North Macedonia conservatives on track for election victory
The victory of the right-wing VMRO-DPMNE party could complicate North Macedonia's aim to join the EU and affect relations with neighbors Bulgaria and Greece.
North Macedonia’s conservative party is set to return to power after seven years, scoring big wins in parliamentary and presidential elections on Wednesday.
The outcome is expected to further complicate North Macedonia’s longtime ambition of joining the European Union, as well as its relations with neighboring Bulgaria and Greece.
In parliamentary elections, the VMRO-DPMNE party gained 42.9 percent support with 87 percent of the votes counted, according to election commission results. The ruling SDSM socialists tumbled to just 14.9 percent of the vote. The conservatives may need to form a coalition to govern with a majority in the 120-seat parliament, however, as initial results had them on 59 MPs.

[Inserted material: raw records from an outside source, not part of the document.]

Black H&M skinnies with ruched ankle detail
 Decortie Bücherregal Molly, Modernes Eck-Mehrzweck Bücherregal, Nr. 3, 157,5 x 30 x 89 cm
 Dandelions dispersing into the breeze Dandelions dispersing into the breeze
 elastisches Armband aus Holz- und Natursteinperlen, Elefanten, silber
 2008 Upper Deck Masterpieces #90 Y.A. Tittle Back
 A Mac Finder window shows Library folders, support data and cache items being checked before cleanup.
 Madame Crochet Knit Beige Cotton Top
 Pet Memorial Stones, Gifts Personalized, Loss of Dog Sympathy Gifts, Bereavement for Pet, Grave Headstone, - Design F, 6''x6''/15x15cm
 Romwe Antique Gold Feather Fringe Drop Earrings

Meanwhile, VMRO-DPMNE candidate Gordana Siljanovska-Davkova will become the country’s first female president — a largely ceremonial position — having won 64.9 percent support with 87 percent of the votes counted, the results showed.
Voters in the tiny Balkan country of 2 million have expressed frustration with corruption, the slow pace of reform, and the sluggish advance of North Macedonia’s bid to join the European Union.
In 2018 the country reached a historic agreement, changing its name and constitution and ending a decades-long dispute with Greece. The deal allowed Skopje to join NATO in 2020; for the past two years, however, Bulgaria has blocked North Macedonia’s EU bid, demanding its constitution be amended to acknowledge the country’s Bulgarian minority.